2 boneless, skinless chicken breasts, diced.
250 grams diced carrots.
250 grams diced celery.
250 grams of diced zucchini.
250 grams of chopped spinach or kale.
1 small onion, chopped.
2 cloves garlic, minced.
1 tablespoon olive oil.
Salt and pepper to taste.
Herbs and spices such as thyme, rosemary or bay leaves (optional).
Perform:
Heat olive oil in a large pot over medium heat. Add chopped onion and garlic and saute until fragrant.
Add carrots, celery and zucchini to the pot. Cook for a few minutes until they begin to soften.
Pour in the chicken stock and bring the mixture to a boil. You can add herbs and spices for extra flavor.
Add diced chicken to pot and simmer for about 15 - 20 minutes until chicken is cooked.
Add chopped spinach or kale, simmer for another 5 minutes.
Season with salt and pepper to taste.
3-day menu with bone broth
Day 1:
Breakfast: 1 cup warm bone broth, 1 fried egg (2 eggs).

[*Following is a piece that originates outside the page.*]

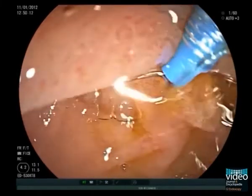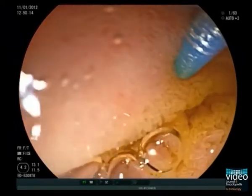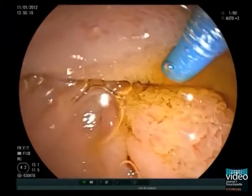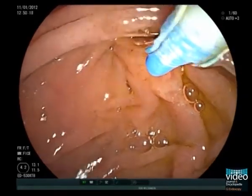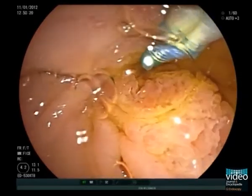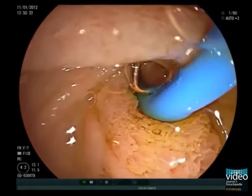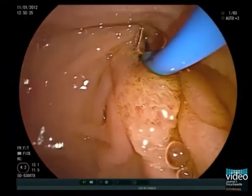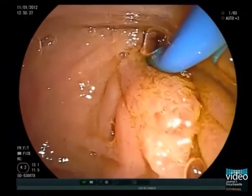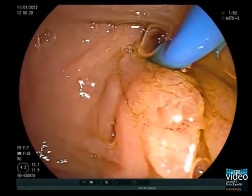In the presence of multiple stenoses, the biliary tree is best explored with a balloon catheter to obtain a selective occlusion cholangiogram of the different biliary segments. To this end, the bile duct is inserted with a balloon catheter. At the level of the distal common bile duct, the balloon is inflated halfway and we gently inject contrast.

Lunch: 1 plate of salad with some green leafy vegetables, 100 grams of grilled chicken, 1 - 2 tablespoons of vinegar sauce.
Snack: 1 cup bone broth.
Dinner: 100 grams of grilled salmon with asparagus, 1 cup of bone broth.
Day 2:
Breakfast: 1 serving Greek yogurt, 1 tablespoon honey and 25 grams of berries, 1 cup bone broth.
Lunch: 1 bowl of vegetable bone soup, add lentils.
Snack: A handful of nuts and a cup of green tea.
Dinner: 100 grams of stir-fried tofu, some bok choy and 100 grams of cooked brown rice, 1 cup of bone broth.
Day 3:
Breakfast: 1 cup herbal tea or black coffee.
Dinner: 1 cup bone broth or 1 bowl light vegetable soup.
You can also drink a cup of bone broth mid-morning, noon, and evening as a snack.